**Task instructions**
Give back exactly the lines of the material below that start at the line containing "Ratskeller Hotel&Restaurant Lindow" and end at the line containing "25 da vedere", and no others.

**Given records**
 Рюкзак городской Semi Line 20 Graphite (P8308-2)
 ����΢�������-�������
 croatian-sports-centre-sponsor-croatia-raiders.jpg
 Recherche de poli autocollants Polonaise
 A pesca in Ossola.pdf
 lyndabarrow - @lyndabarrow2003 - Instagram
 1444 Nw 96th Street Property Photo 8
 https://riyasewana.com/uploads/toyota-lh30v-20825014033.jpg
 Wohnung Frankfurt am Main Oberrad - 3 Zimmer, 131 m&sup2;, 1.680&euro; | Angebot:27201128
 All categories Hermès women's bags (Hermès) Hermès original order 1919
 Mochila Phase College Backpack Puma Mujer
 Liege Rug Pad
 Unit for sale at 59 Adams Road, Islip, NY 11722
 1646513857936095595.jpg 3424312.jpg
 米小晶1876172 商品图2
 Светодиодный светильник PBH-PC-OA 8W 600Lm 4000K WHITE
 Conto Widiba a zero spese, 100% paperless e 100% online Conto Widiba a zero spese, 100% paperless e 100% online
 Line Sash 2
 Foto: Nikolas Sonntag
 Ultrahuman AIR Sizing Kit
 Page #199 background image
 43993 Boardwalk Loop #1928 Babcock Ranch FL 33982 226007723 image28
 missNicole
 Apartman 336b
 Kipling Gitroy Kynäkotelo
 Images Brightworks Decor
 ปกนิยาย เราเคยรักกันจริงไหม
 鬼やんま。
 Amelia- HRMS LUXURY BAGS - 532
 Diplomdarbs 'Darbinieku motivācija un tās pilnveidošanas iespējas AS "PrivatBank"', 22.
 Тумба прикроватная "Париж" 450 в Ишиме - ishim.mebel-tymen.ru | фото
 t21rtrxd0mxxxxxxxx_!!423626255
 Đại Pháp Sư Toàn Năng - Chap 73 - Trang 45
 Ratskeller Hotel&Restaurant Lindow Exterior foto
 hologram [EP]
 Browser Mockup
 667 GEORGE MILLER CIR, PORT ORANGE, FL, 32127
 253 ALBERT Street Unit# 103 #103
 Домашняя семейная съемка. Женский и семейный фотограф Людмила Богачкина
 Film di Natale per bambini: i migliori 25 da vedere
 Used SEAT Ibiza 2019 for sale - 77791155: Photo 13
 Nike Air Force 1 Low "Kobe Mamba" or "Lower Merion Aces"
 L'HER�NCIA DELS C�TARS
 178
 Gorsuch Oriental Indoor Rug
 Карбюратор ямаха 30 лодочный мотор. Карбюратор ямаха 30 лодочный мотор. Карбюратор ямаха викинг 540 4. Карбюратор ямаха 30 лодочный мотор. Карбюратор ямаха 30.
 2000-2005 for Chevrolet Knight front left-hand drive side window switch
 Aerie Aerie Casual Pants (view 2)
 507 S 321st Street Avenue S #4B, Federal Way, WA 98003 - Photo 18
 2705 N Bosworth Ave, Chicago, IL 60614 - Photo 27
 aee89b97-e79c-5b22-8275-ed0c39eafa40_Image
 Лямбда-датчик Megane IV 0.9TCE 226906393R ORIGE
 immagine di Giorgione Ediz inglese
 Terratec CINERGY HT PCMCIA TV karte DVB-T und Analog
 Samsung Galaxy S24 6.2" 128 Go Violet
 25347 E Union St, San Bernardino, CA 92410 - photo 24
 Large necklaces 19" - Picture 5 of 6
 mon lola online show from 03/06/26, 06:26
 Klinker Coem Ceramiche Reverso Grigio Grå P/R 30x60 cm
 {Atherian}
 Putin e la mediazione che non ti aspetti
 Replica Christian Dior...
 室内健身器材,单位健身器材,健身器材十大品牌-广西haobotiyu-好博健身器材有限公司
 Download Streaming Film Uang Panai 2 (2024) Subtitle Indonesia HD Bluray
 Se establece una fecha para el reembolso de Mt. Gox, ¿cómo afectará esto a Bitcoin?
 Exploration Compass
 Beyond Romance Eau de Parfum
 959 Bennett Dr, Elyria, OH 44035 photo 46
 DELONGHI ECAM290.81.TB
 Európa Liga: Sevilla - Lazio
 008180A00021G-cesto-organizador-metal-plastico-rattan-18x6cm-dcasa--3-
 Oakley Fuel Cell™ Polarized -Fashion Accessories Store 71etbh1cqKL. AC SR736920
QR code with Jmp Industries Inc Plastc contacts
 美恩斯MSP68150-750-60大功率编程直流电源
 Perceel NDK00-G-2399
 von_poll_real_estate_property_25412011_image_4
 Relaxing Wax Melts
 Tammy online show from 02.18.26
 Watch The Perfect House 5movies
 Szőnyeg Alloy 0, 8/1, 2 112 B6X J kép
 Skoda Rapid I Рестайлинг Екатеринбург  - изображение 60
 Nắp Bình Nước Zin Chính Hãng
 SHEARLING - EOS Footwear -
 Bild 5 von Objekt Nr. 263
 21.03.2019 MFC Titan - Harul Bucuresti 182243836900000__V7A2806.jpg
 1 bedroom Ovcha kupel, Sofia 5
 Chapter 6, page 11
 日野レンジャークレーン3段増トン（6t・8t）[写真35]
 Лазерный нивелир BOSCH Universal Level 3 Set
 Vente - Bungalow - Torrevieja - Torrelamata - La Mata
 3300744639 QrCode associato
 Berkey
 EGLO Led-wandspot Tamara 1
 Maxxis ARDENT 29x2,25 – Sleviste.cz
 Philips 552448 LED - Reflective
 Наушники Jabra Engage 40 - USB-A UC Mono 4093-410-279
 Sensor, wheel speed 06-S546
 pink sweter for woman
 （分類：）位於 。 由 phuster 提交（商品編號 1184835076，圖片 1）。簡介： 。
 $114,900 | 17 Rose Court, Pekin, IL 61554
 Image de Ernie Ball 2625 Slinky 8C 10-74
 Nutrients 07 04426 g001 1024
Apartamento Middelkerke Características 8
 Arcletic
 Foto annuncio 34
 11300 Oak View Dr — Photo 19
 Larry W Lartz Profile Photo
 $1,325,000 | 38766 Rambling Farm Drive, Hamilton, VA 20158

**Solution to the exercise**
 Ratskeller Hotel&Restaurant Lindow Exterior foto
 hologram [EP]
 Browser Mockup
 667 GEORGE MILLER CIR, PORT ORANGE, FL, 32127
 253 ALBERT Street Unit# 103 #103
 Домашняя семейная съемка. Женский и семейный фотограф Людмила Богачкина
 Film di Natale per bambini: i migliori 25 da vedere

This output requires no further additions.